Apple trees and corn and the happy chirping of young pullets - one could almost say we are farming. Of course, real farmers would probably laugh at me (hopefully a kind chuckle with warm eyes). Here is my short, "77 day" corn - it's beginning to bloom, but at the rate the chickies are picking at them, they may not survive long enough to ripen any actual corn. Still, the entertainment value of watching the chickens hide in them plus the entertainment value to the chickens themselves, has already made the 5 ft x 6 ft plot of 4 ft high corn well worth it. Epsecially considering that it only cost me $2 in seed and 5 minutes a day to deep water.
The "Princess" chicken, hiding in the corn. She's somewhat out of focus because she's one who doesn't stay still very much. The other day, she rode into the house on my head. I now have a goodly scratch on my scalp from her claws.

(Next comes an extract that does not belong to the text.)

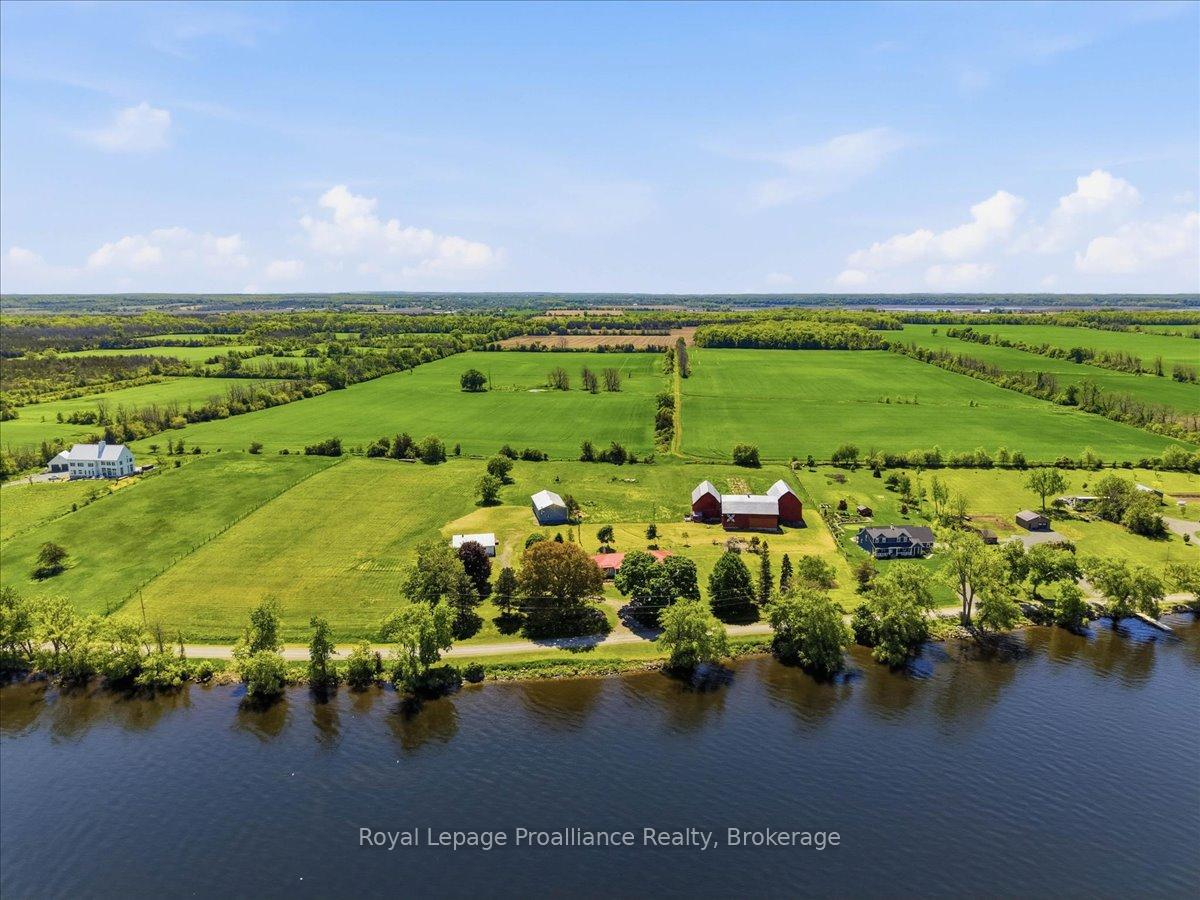 906 N Big Island Road, Prince Edward County, ON K0K 1W0 — Prince Edward County, Ontario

A Silver Laced Wyandotte girl sitting on a bag of store bought compost. Hopefully, this will be the last year I'll be buying compost - the girls are making quite a bit of the good stuff for me now. In fact, I turned the compost the other day, and the stuff on the bottom is getting brown and almost dirt-looking. Looking forward to combining it into the sand where next year's beds will be.
This is "Kick-start," our little lame Ameracauna, digging around in the compost pile. I had taken the black plastic cover off of it to water and turn the pile and she jumped in and went bug-hunting.

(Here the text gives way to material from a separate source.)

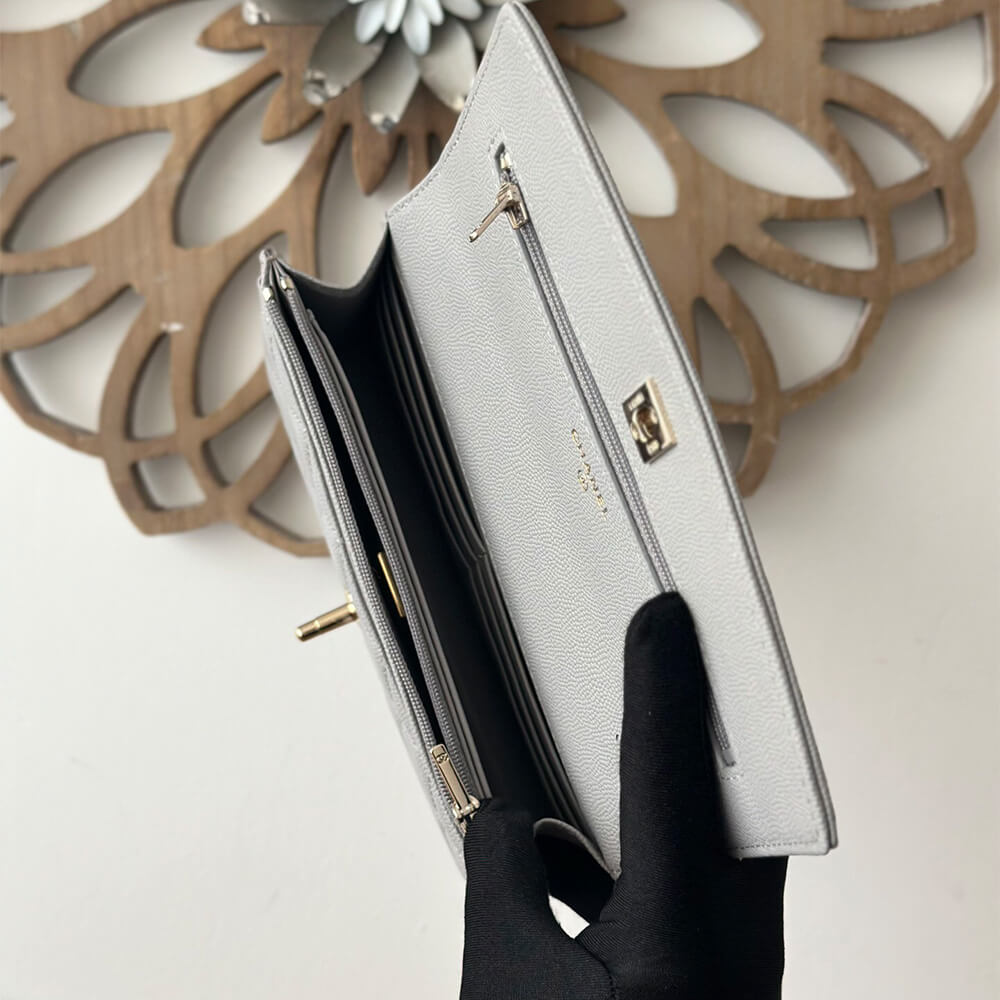 CHANEL Clutch With Chain(high-end grade) - Image 4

I'm getting better at catching the chickens in flight. Or, at least, sort of in flight.
Sunflowers were a great success this year. Nearly all that I planted germinated and are now in various stages from budding to being nearly ready to harvest. The ones planted when the day temperatures were in the 40's seem to have grown the best, but all suffered because they were planted, essentially, in sand. The one that was planted in good dirt was much healthier and grew a bigger flower head than all the others, of course.